Working with dates 2024

That might seem easy enough, but do all days have 86,400 seconds? If they did, a lot of people would datetime calculator online be out of jobs! Think about daylight savings time: sometimes clocks go forward (losing an hour) and sometimes go backwards (gaining an hour), meaning that we might have 23 or 25 hours in those days. Then there are leap seconds: times that get added to the clocks in order to adjust for the Earth’s slowing rotation.

If you think that’s hard, try running this from your Mac’s terminal: cal. This prints a simple calendar for the current month, showing you the days of the week. Now try running cal 9 1752, which shows you the calendar for September 1752 – you’ll notice 12 whole days are missing, thanks to the calendar moving from Julian to Gregorian.

Now, the reason I’m saying all this isn’t to scare you off – dates are inevitable in our programs, after all. Instead, I want you to understand that for anything significant – any usage of dates that actually matters in our code – we should rely on Apple’s frameworks for calculations and formatting.

In the project we’re making we’ll be using dates in three ways:

Choosing a sensible default “wake up” time.
Reading the hour and minute they want to wake up.
Showing their suggested bedtime neatly formatted.
We could, if we wanted, do all that by hand, but then you’re into the realm of daylight savings, leap seconds, and Gregorian calendars.

Much better is to have iOS do all that hard work for us: it’s much less work, and it’s guaranteed to be correct regardless of the user’s region settings.

Let’s tackle each of those individually, starting with choosing a sensible wake up time.

As you’ve seen, Swift gives us Date for working with dates, and that encapsulates the year, month, date, hour, minute, second, timezone, and more. However, we don’t want to think about most of that – we want to say “give me an 8am wake up time, regardless of what day it is today.”

Swift has a slightly different type for that purpose, called DateComponents, which lets us read or write specific parts of a date rather than the whole thing.

The second challenge is how we could read the hour they want to wake up. Remember, DatePicker is bound to a Date giving us lots of information, so we need to find a way to pull out just the hour and minute components.

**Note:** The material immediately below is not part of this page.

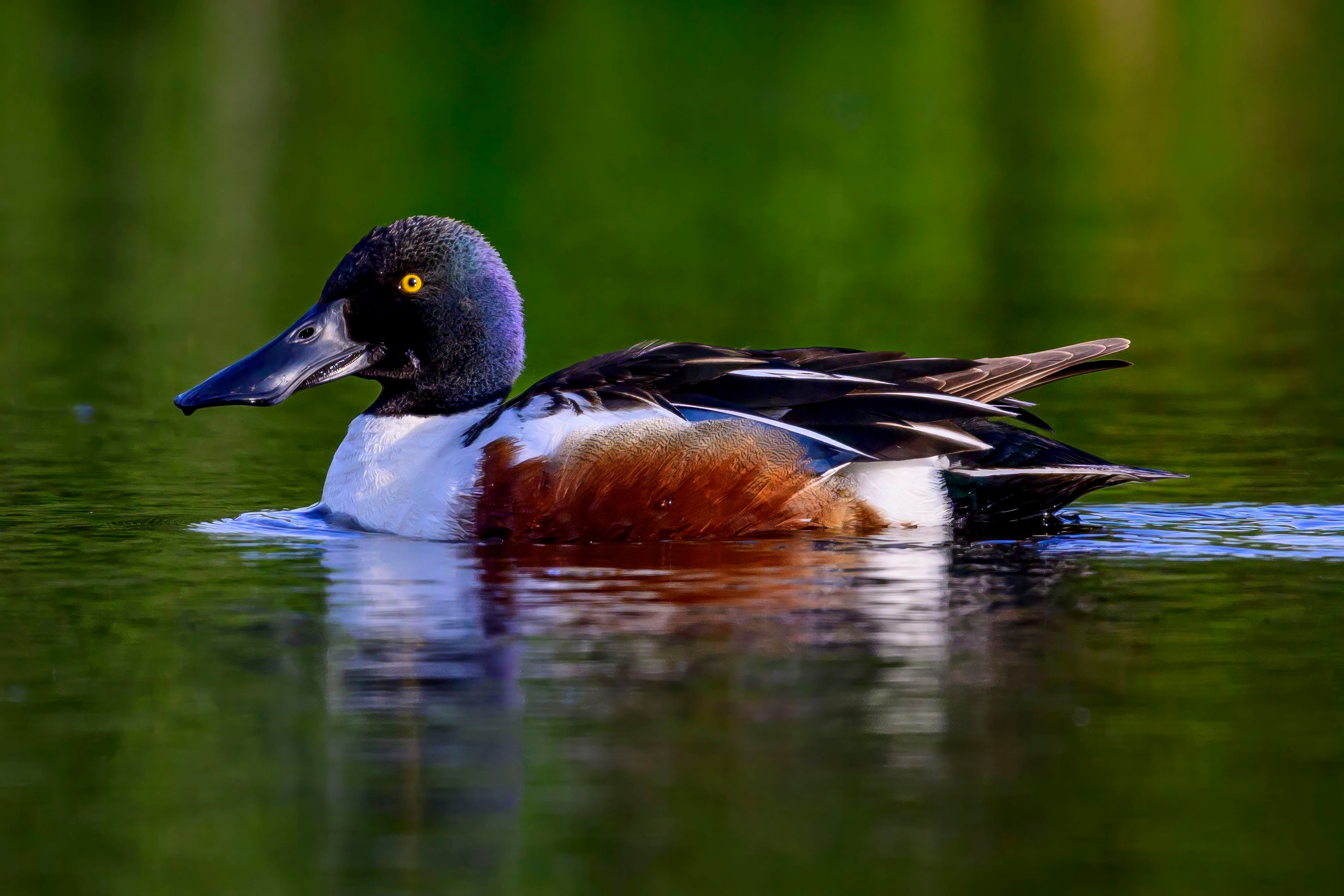 Черношейная поганка. Wildlife photography by Sergey Puponin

Again, DateComponents comes to the rescue: we can ask iOS to provide specific components from a date, then read those back out. One hiccup is that there’s a disconnect between the values we request and the values we get thanks to the way DateComponents works: we can ask for the hour and minute, but we’ll be handed back a DateComponents instance with optional values for all its properties. Yes, we know hour and minute will be there because those are the ones we asked for, but we still need to unwrap the optionals or provide default values.

You might wonder how that adapts to handling different date formats – for example, here in the UK we use day/month/year, but in some other countries they use month/day/year. Well, the magic is that we don’t need to worry about this: when we write day().month().year() we’re asking for that data, not arranging it, and iOS will automatically format that data using the user’s preferences.